Секретные переговоры велись в Пекине четыре месяца. Китай пытался как-то сохранить лицо, но 27 апреля 1915 года требования после небольших изменений были вновь вручены китайскому правительству ультимативно, и 9 мая Китай их принял и подписал с Японией секретный договор.

Китай принял ультиматум по рекомендации США и Англии, данной, конечно, скрепя сердце.

Англия увязала в боях на Европейском континенте и в европейских морях. Еще до войны ей даже пришлось оттянуть с Дальнего Востока свою броненосную эскадру, оставив там лишь крейсера.

Америка исподволь готовилась к тому решающему периоду войны, когда ей придется «лично» вступить в нее.

Тут было не до Китая, тем более что, хотя Япония и предприняла некоторые практические шаги по реализации требований, вскоре после окончания войны те же Штаты ей здорово в том помешали.

Однако позиции Японии уже укрепились — так или иначе. Это проявилось и в том, что даже дяде Сэму пришлось посчитаться с ней и на Парижской мирной конференции, проходившей в 1919 году в Версале, передать германские права на Шаньдунскую провинцию не Китаю (в состав которого эта формально арендуемая провинция входила), а Японии.

И КИТАЙ, и Япония были в Версале представлены равным числом делегатов — по пять. Во главе китайской делегации был министр иностранных дел Лю Чен-сян, а японской — член «генро» и дважды премьер Сайондзи.

Китайцы добивались возвращения их собственной территории и доказывали, что Шаньдунский полуостров, на котором живет 30 миллионов китайцев (то есть по числу — половина населения тогдашней Японии), — исконно китайская территория, да еще и родина Конфуция. Было это чистейшей правдой, однако Сайондзи с коллегами упрямо твердили, что Шаньдун «отвоеван» у Германии — ныне побежденной, и они от «своего» не откажутся.

Японцы напирали на «жертвы», понесенные ими во имя «общей победы». (В скобках сообщу читателю, что Япония потеряла за всю войну 300 (триста!) солдат и офицеров (хотя есть данные, увеличивающие эту цифру до «целой» тысячи.)

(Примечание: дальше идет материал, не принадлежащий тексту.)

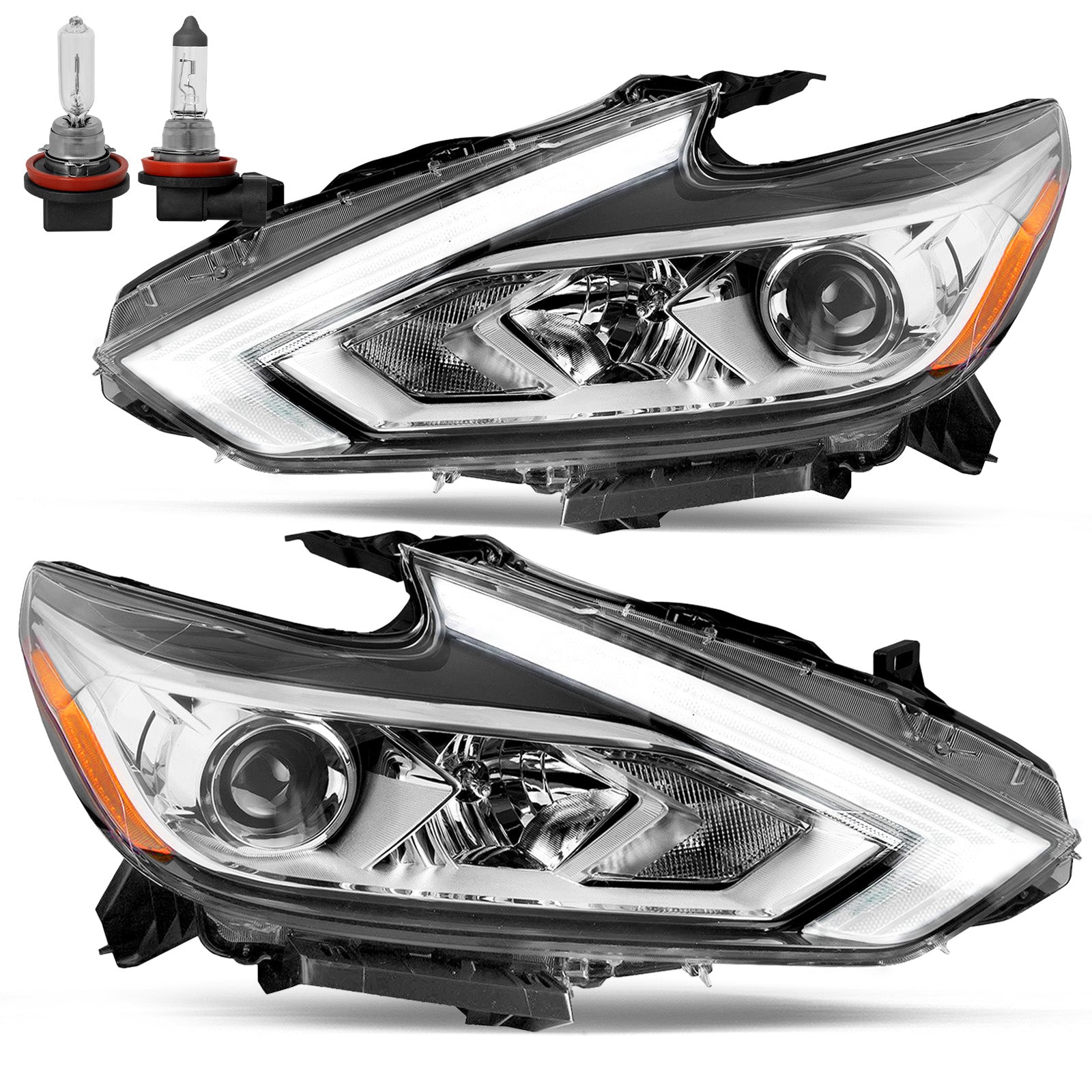 VehicleAid Headlights For 2016-2018 Nissan Altima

«Белая» Антанта возражать своему «желтому» союзнику хотя и возражала, и противодействовала, но далеко не всегда добивалась своего.

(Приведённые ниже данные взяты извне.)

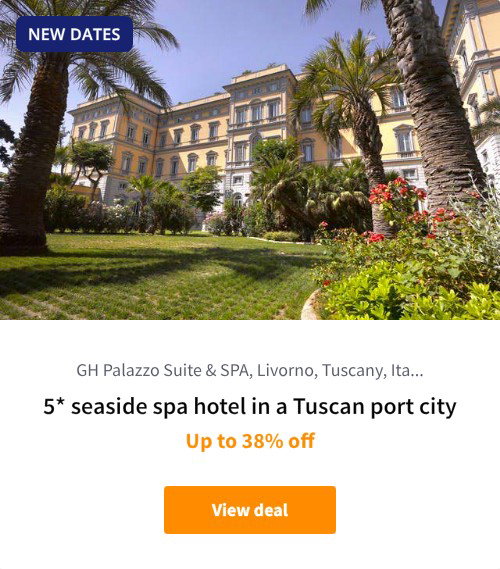 5* seaside spa hotel in a Tuscan port city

Успех всегда опьяняет японцев, как вино, — они сами в том признаются и своеобразно подтвердили это в Версале... Государственный секретарь США Лансинг тогда обратился с просьбой к одному из японских представителей на конференции барону Макино:

— Господин Макино, я прошу вас как-то смягчить «шаньдунский» удар для Китая!

— То есть?

— Ну, вы могли бы выступить с каким-либо формальным доброжелательным заявлением.

— Каким?

— Собственно, — Лансинг протянул к. Макино руку, в которой был зажат лист бумаги, — мы тут совместно набросали проект...





Макино смотрел на Лансинга бесстрастно и молчал, а Лансинг продолжал его уговаривать:

— Еще лучше, если вы дополнительно увидитесь с Лю Чен-сяном. Макино пожал плечами, а Лансинг пояснил:

— Такой шаг был бы повсюду встречен с величайшим одобрением и поднял бы престиж Японии!

— Повсюду?

— Да! И прежде всего — в Китае, где иначе горькое разочарование и возмущение может вылиться в насильственное сопротивление вам по всей стране!

— По всей стране? — презрительно повторил Макино. — А разве Китай представляет собой нечто единое как государство?

— ?!

— Нет, господин Лансинг, я очень внимательно выслушал вас и высоко ценю ваши искренние усилия, но...

— Но?

— Но я не могу предпринять такую акцию и сразу скажу, почему...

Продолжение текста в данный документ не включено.